Riconosce le fonti dell’arte nell’esperienza umana chi vede come la grazia carica di tensione del giocatore contagia la folla che sta guardando; chi nota il piacere che ha la padrona di casa a prendersi cura delle sue piante e l’interesse con cui il suo buon marito si dedica alle cure del ritaglio di prato davanti a casa; il gusto che ha chi guarda il fuoco ad attizzare la legna che sta bruciando nel camino e a osservare le fiamme che guizzano e le braci che si sgretolano. Queste persone, se interrogate sui motivi delle loro azioni, darebbero senz’altro risposte ragionevoli. Chi attizzava il pezzetto di legno che bruciava direbbe che lo faceva per ravvivare il fuoco; ma egli è affascinato egualmente dal variopinto gioco di trasformazioni messo in scena davanti ai suoi occhi a cui prende parte con l’immaginazione.

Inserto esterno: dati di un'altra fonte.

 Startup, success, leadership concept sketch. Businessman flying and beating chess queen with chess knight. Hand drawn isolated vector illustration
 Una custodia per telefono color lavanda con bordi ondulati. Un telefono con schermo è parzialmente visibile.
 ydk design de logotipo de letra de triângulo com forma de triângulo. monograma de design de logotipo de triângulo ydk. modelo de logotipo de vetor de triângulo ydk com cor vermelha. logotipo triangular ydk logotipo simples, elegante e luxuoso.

Non resta un freddo spettatore. Ciò che ha detto Coleridge del lettore di poesia è vero a suo modo di tutti coloro che sono felicemente assorbiti nelle loro attività della mente o del corpo: «il lettore dovrebbe essere sospinto innanzi non già semplicemente, o principalmente, dall’impulso meccanico della curiosità, né da un desiderio irrequieto di arrivare allo scioglimento finale, bensì dalla piacevole attività […] del viaggio stesso
Non capendo che l’arte permea qualsiasi ambito della vita quotidiana, non siamo in grado di viverla appieno. C’è solo un modo per far sì che l’arte torni a far parte della vita sociale: quello di accettare la connessione tra esperienza estetica ed esperienza ordinaria. Ancor di più, aggiunge Dewey, qualsiasi cosa può diventare oggetto di un’esperienza estetica:
Il meccanico intelligente preso dalla sua opera, interessato a far bene e a trovare soddisfazione nel suo lavoro manuale, che si prende cura con vera passione dei suoi materiali e dei suoi strumenti, è impegnato in un’attività artistica. La differenza tra un lavoratore di tal genere e un pasticcione inetto e negligente è grande nella bottega di un artigiano così come nello studio di un artista.

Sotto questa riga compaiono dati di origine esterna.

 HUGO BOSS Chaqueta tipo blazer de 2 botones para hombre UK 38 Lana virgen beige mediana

Per Dewey, dunque, l’opera d’arte, cioè l’oggetto, non ha nessun valore, nessun senso di esistere come categoria peculiare. L’esperienza estetica può scaturire da qualsiasi attività significativa, viene quindi meno il privilegio dell’arte “oggettuale”. L’arte è un’esperienza, e come tale si vive dal lato di chi la esperisce, non di chi la crea. L’esperienza ordinaria, dobbiamo notare, non ha struttura: è un flusso continuo. Viviamo la nostra vita normalmente e continuativamente. L’esperienza estetica, invece, è ben diversa: in questo caso un evento significativo si distingue dall’esperienza generale. Scrive Dewewy:
Può essere stato qualcosa di enorme importanza: un litigio con una persona un tempo intima, una catastrofe finalmente evitata per un soffio. Oppure può essersi trattato di qualcosa che, in confronto, è stato di poco conto – e che forse proprio per la sua leggerezza illustra ancora meglio ciò che deve essere un’esperienza estetica. Quel pasto in un ristorante di Parigi di cui si dice “è stato meraviglioso”. È un ricordo indelebile di ciò che il cibo può essere.

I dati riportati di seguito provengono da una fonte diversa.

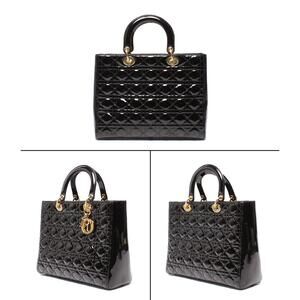 Dior Christian bag shoulder Cannage handbag leather Lady patent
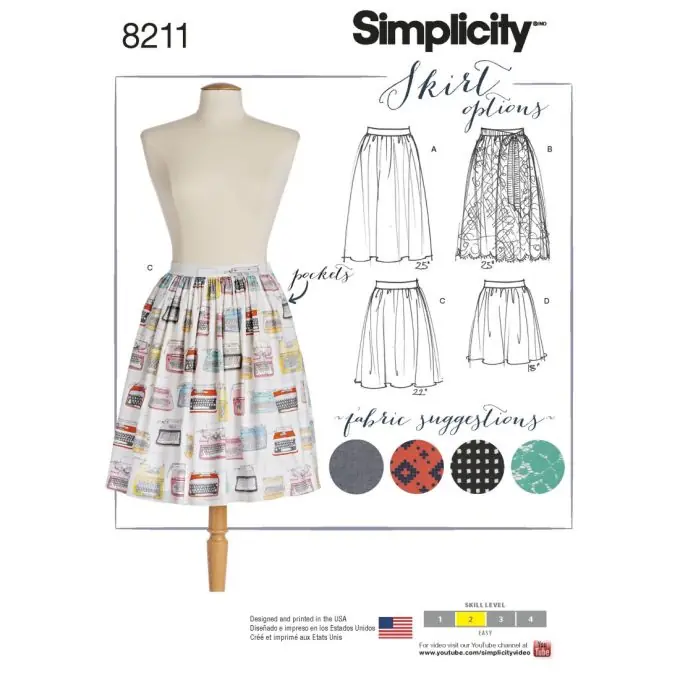 Schnittmuster Simplicity 8211.r5 – Rock 3 Längen Eng/Fr Markenprodukt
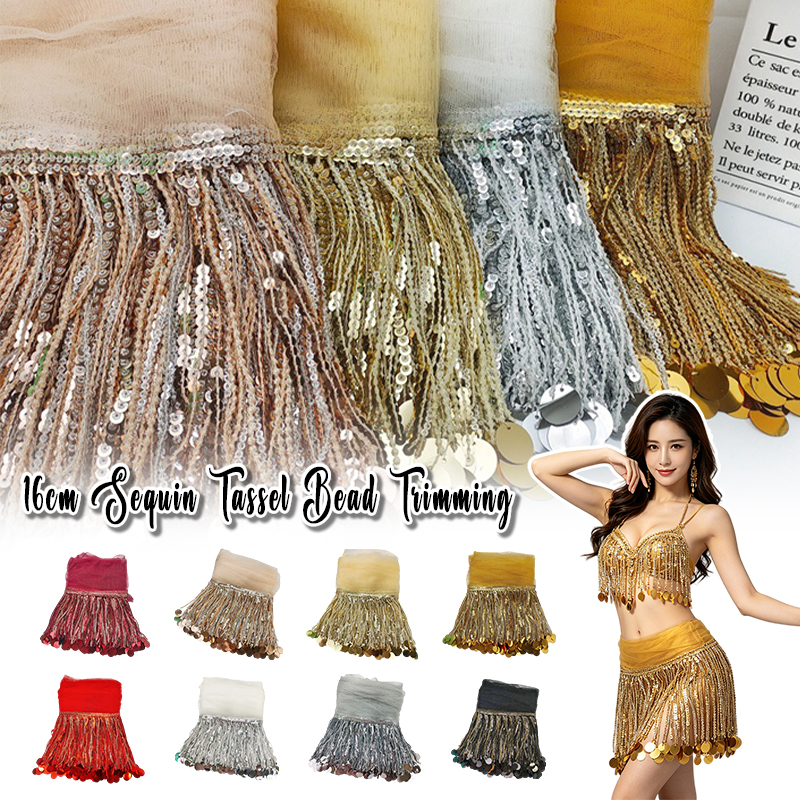 10 Yards Sequins Tassel Lace T - Lace Ribbon Trim 리뷰 및 가격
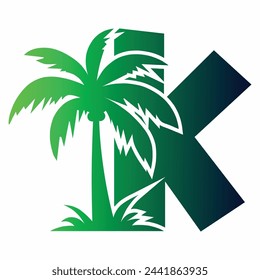 Árbol de la palma y la letra K Logo Diseño vectorial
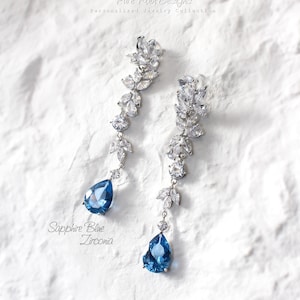 Pendientes de boda AAA uva Zafiro azul Zirconia Pendientes Joyería de boda Pendientes de novia Pendientes de dama de honor regalo Joyería nupcial Sasa
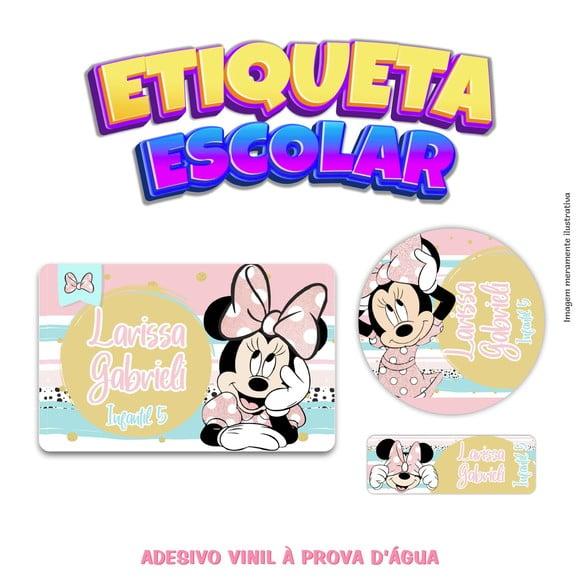 Kit Etiqueta Escolar em Vinil Minnie Rosa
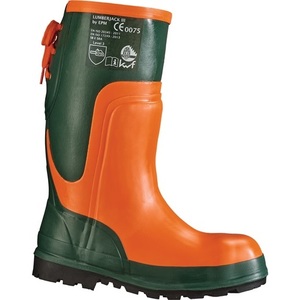 Bottes de sécurité forestières en olivier/orange taille 41, gants de jardin en caoutchouc naturel et équipement de protection - Product Image 1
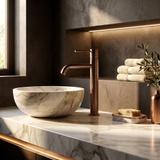 Hög Handfatblandare Rea Lungo Diamond Brush Copper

Un’esperienza estetica ha una struttura, con un inizio e una fine. Non ha buchi e ha una qualità che la definisce, che la unifica e le dà il nome; ad esempio, quel temporale, quella rottura dell’amicizia… La vera opera d’arte, dirà Dewey, è ciò che il prodotto fa all’esperienza.
Strani Strumenti di Alva Noë
Dewey scriveva, o meglio, teneva il ciclo di lezioni che poi sono diventate un libro, nel 1934. Ad oggi, alcune sue riflessioni possono sembrare strane. E infatti, John Dewey è molto conosciuto come pedagogo, come filosofo politico, come pragmatista, ma le sue riflessioni sull’arte e l’estetica sono raramente ricordate. Ma, come sempre, le idee piantano i loro semi nei posti meno prevedibili. Alva Noë è un filosofo della mente e scienziato cognitivo statunitense, autore di un bellissimo libro che si chiama Action in Perception in cui sostiene l’enattivismo: una metafisica della coscienza rivoluzionaria dal punto di vista sia scientifico che filosofico. Per Noë percepire, essere coscienti, è anzitutto muoversi, agire.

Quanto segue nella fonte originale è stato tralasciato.